The study included data from the population-based, prospective, observational Bogalusa Heart and Cardiovascular Risk in Young Finns studies that featured 1,781 participants. Researchers investigated the utility of four categorical definitions of youth metabolic syndrome and their components in predicting adult high carotid intima-media thickness and type 2 diabetes among those aged 9 to 18 years at baseline (1984-1988) who were then examined 14 to 27 years later (2001–2007).

Researchers reported that compared with participants free of metabolic syndrome at youth, those with early metabolic syndrome were two to three times more likely of having carotid intima-media thickness and type 2 diabetes in their adult years.
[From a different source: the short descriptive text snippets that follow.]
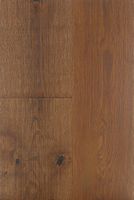 Инженерная доска Oak Factory Дуб Frassinetto — фото 2, Инженерная доска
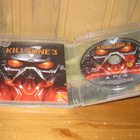 Killzone 3 Ps3 - pikkukuva 2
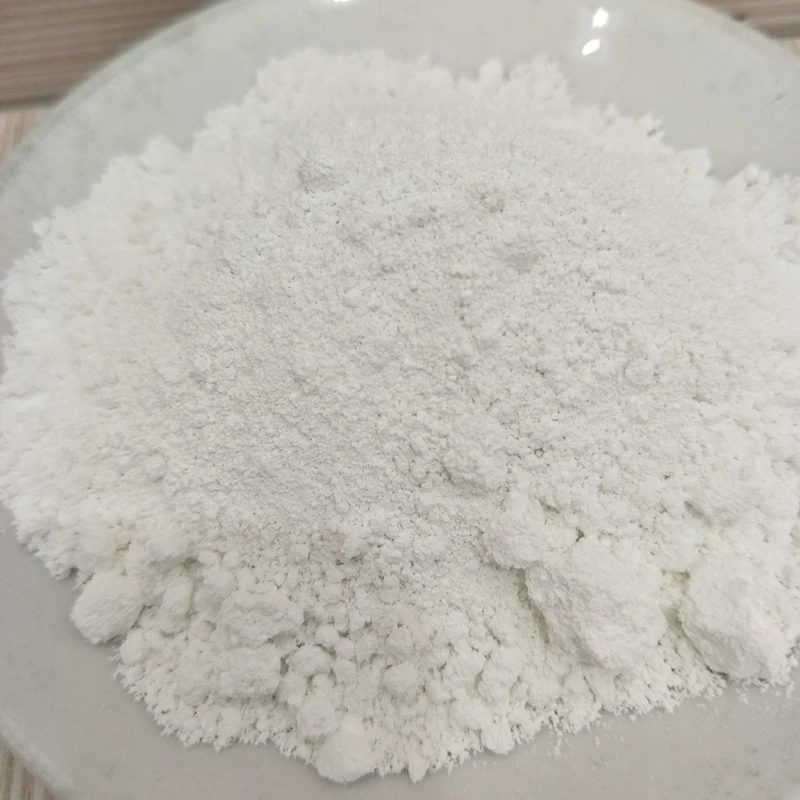 good price lithopone powder in zinc sulfide and barium sulphate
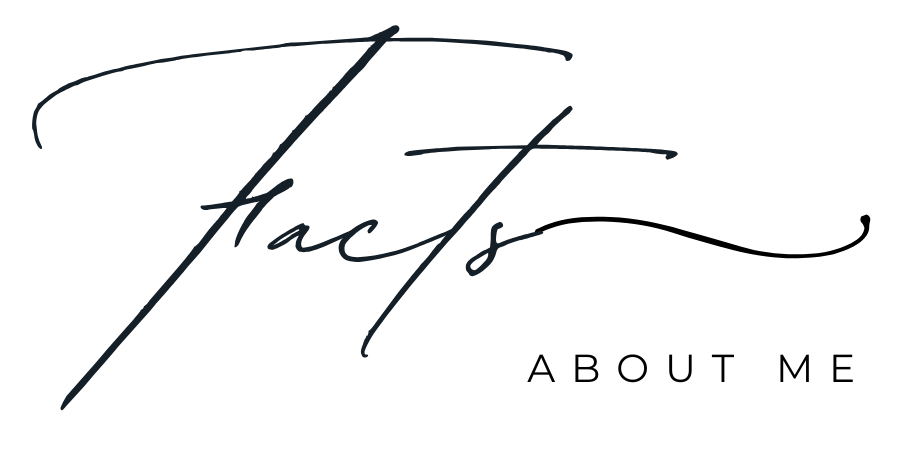 A dark blue signature or scribbled text on a black background, appearing to be handwritten calligraphy.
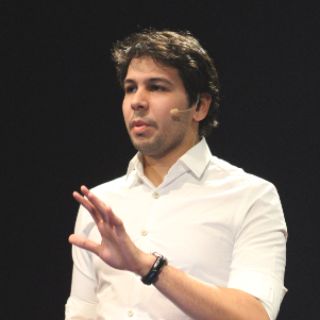 Jason Grullón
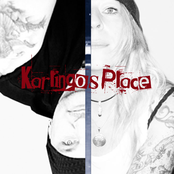 karlingosplace on lastfm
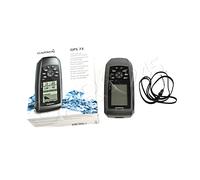 Garmin Portable Gps 73 29.075.51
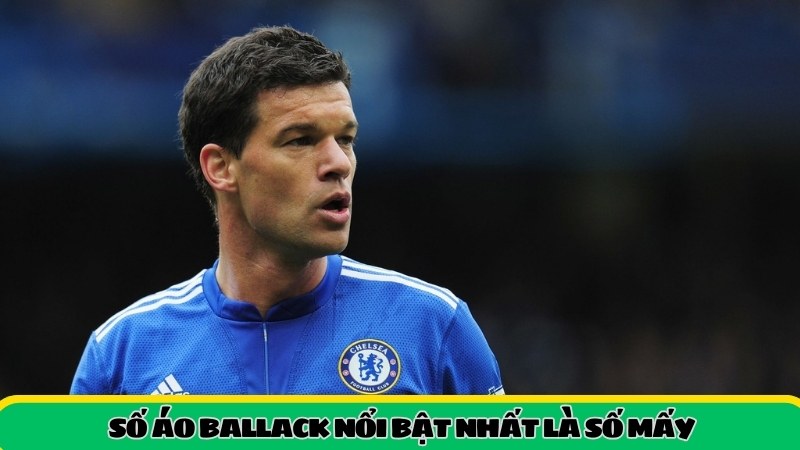 so-ao-ballack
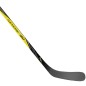 BAUER Supreme S180 S17 Senior Composite Hockey Stick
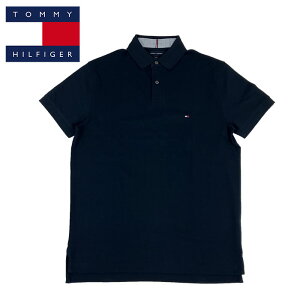 g~[qtBK[ TOMMY HILFIGER M[tBbg Xgb` |Vc lCr[
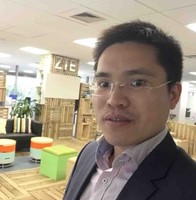 Leo Li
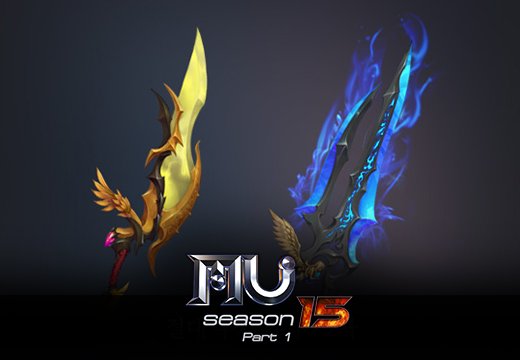 奇迹私服手游高玩总结的赤色要塞十条秘诀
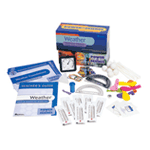 Power of Science Weather Kit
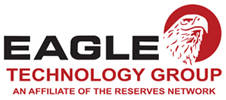 Eagle Technology Group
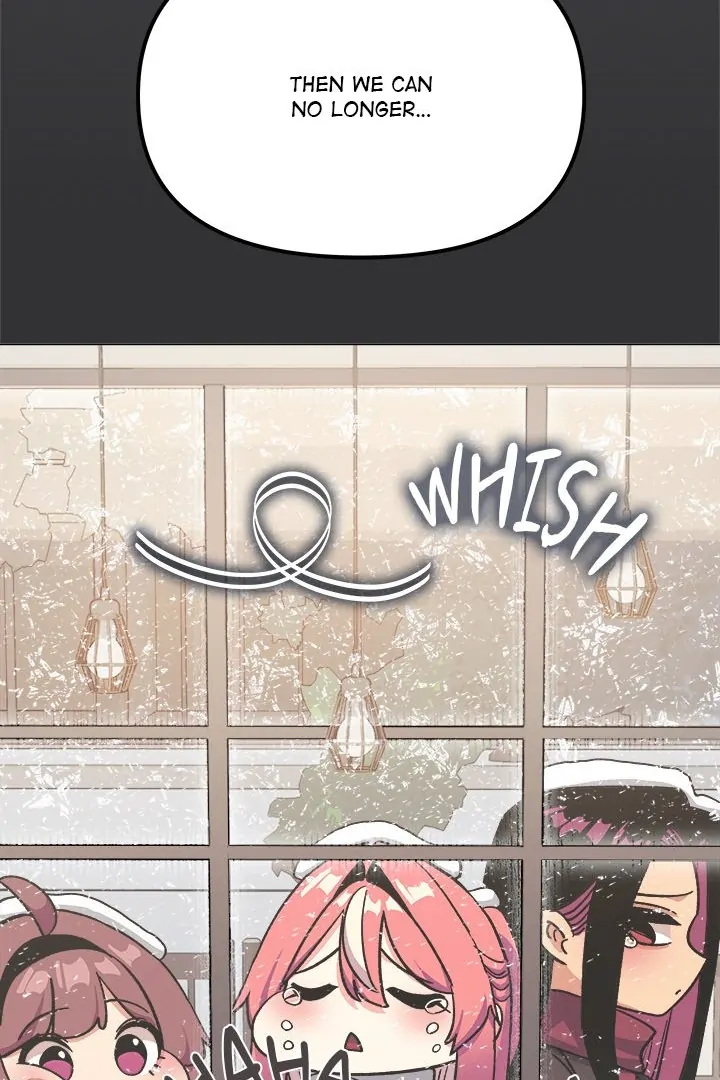 Someone Stop Her! Chap 53 - Next Chap 54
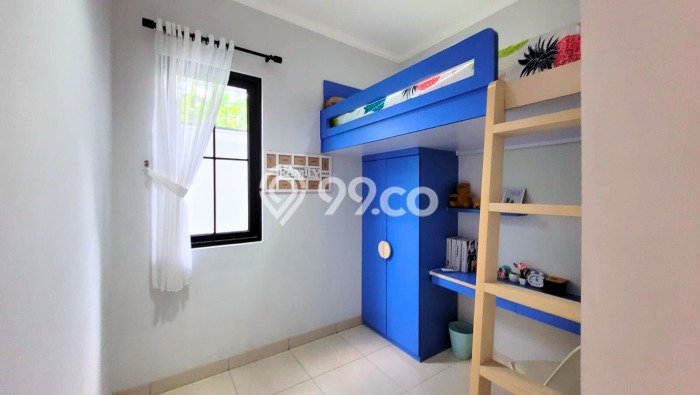 For Sale Hunian Rumah Nyaman 2 KT di Cimuning, Bekasi For Sale Hunian Rumah Nyaman 2 KT di Cimuning, Bekasi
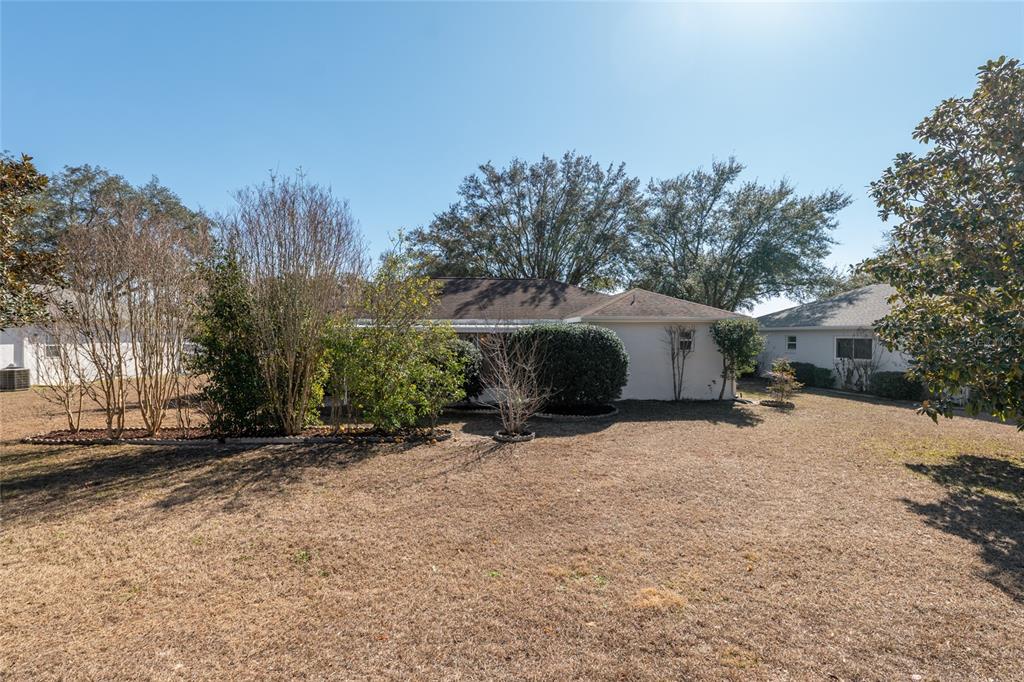 9671 Southwest 97th Street Ocala, FL 34481 - Photo 55 of 55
Risk estimates with the use of high BMI, however, were similar to those of metabolic syndrome phenotypes in predicting adult outcomes, leading researchers to recommend screening for high BMI or overweight and obesity in the pediatric setting as a simpler, equally accurate alternative.

“Our findings have direct clinical relevance because they suggest that in the clinical setting, efforts to identify youth with heightened future risk of meaningful outcomes can be minimally achieved with the use of body mass index only, thus avoiding cost and other barriers associated with testing and classification of youth metabolic syndrome,” the researchers wrote. “However, clinicians who use high BMI to identify youth at increased future risk need to keep in mind that a large proportion of contemporary youth will be classified as at risk and that our analyses are unable to discount that youth metabolic syndrome may be useful in identifying and possibly treating other cardiometabolic disorders.”